Ergui os braços ao céu, teatralmente, mas Emerenciana impediu-me de pronunciar a frase de protesto que ia irromper da minha boca:

- Eu sei quem você é, Jerónimo, tenho confiança... Em todo caso, estou lhe avisando...

Da sala de jantar veio a voz de Zuca:

- Você me pega aquele novelo que caiu, Mariazinha?

O Robertinho gritou:

- Eu pego! eu pego!

Os dois deviam ter se precipitado, porque houve um choque, uma queda, e o riso triunfante de Mariazinha zombou de RObertinho que se pôs a chorar.

- Ooooora! para que é que vocês hão de brigar por uma coisa à toa? - ralhou Zuca.

Prima Emerenciana passou o café no coador e continuou baixinho, em confidência:

- Você ficou triste, primo?
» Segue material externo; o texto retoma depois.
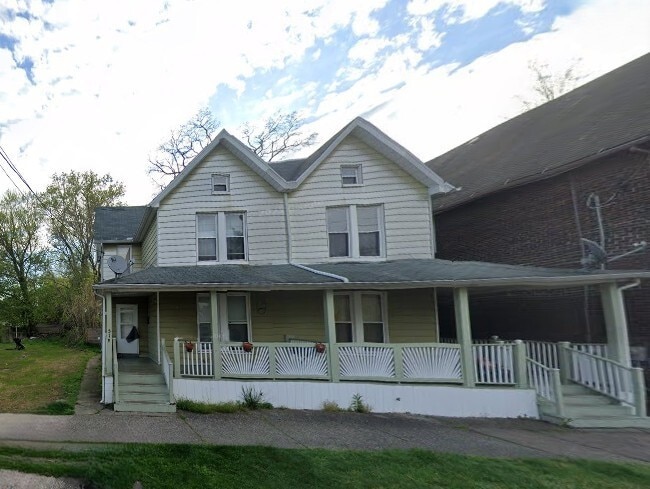 property at 519 Reed St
Não se aborreça, não... Se eu falei isso, é porque notei que você anda meio caído por ela... Afilhada é como filha, meu dever é chamar sua atenção...

Pôs na xícara uma colherada de açúcar, serviu-me de café:

- Depois, eu também notei que ela não desgosta... Mas porém, Zuca é pobre e da roça, você é moço da cidade, arranjado, de bonito futuro... Não vai agora se engraçar por uma mocinha do mato...

Segurei prima Emerenciana pelo braço, nervosamente:

- Você fez alguma observação a ela, prima?

- Não fiz, mas meu dever é fazer...

- Então não faça, peço-lhe.

- Por que não?

- Prima, se você falar alguma coisa a Zuca, eu vou-me embora.

Soltou um riso bondoso, como que querendo desmanchar a minha má impressão:

- Não falo nada, fique sossegado... Mas prometa que não vira a cabeça da minha afilhada... Moça da roça... Deixe ela seguir o destino dela...

Sacudi-me num riso forçado:

- Ora, ora! Que fantasia a sua!

De repente, tomado de um ímpeto, levantei-me, cruzei os braços e perguntei:

- Que é que você diz de eu pedir a Zuca em casamento?

Prima Emerenciana pareceu cair das nuvens. Esqueceu-se de que estava com o coador de café na mão, deixou tombar a borra no vestido, quis dizer não sei quê, mas a cozinheira vinha entrando de lá de baixo com um braçado de lenha; então mudou de assunto:

- Está bom o café?

E pôs-se a resmungar, dando de ombros, como se dissesse: este primo Jerónimo perdeu o juízo.